Abstract

In order to analyze the steady state and transient behavior of the CROCUS reactor, several methods and models need to be developed in the areas of reactor physics, thermal-hydraulics, and multiphysics coupling. The long-term objectives of this project are to work towards the development of a modern method for the safety analysis of research reactors and to update the Final Safety Analysis Report of the CROCUS reactor. A first part of the paper deals with generation of a core simulator nuclear data library for the CROCUS reactor using the Serpent 2 Monte Carlo code and also with reactor core modeling using the PARCS code. PARCS eigenvalue, radial power distribution, and control rod reactivity worth results were benchmarked against Serpent 2 full-core model results.

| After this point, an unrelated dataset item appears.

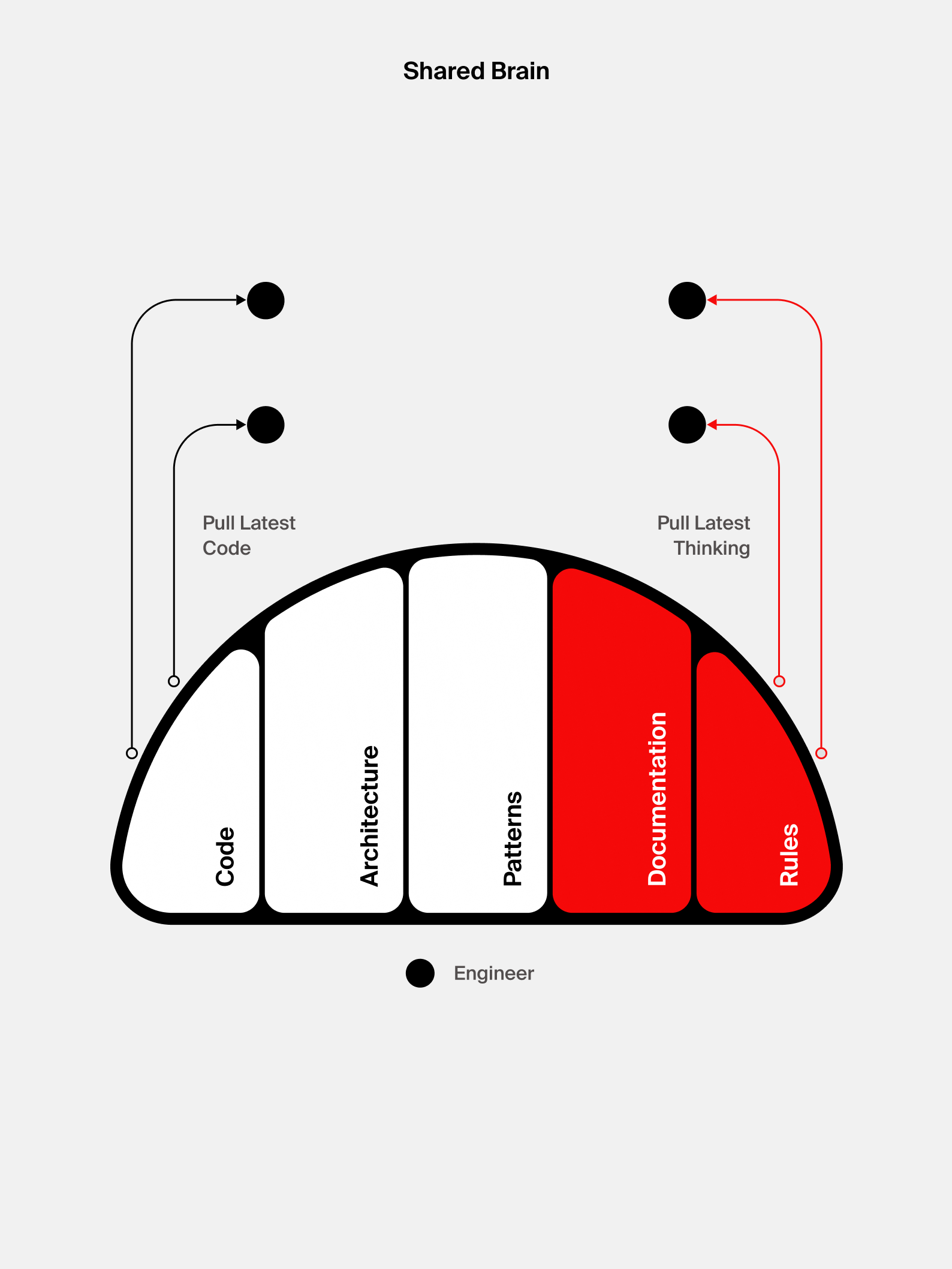Diagram of the codebase as a shared brain of code, architecture, patterns, documentation, and rules that engineers pull the latest code and thinking from.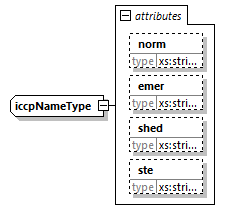 facilitychangeticket_p20.png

Using the Serpent 2 model as reference, PARCS eigenvalue predictions were within 240 pcm, radial power was within 3% in the central region of the core, and control rod reactivity worth was within 2%. A second part reviews the current methodology used for the safety analysis of the CROCUS reactor and presents the envisioned approach for the multiphysics modeling of the reactor.

Highlights

  • A large variety of research reactors have been designed and operated during the last 50 years

  • Due to the diversity of research reactor designs and operating conditions, there is a wide variety of computational tools used in their safety analysis and, nowadays, it is desired to adopt a standard approach for safety analysis of these research reactors [1]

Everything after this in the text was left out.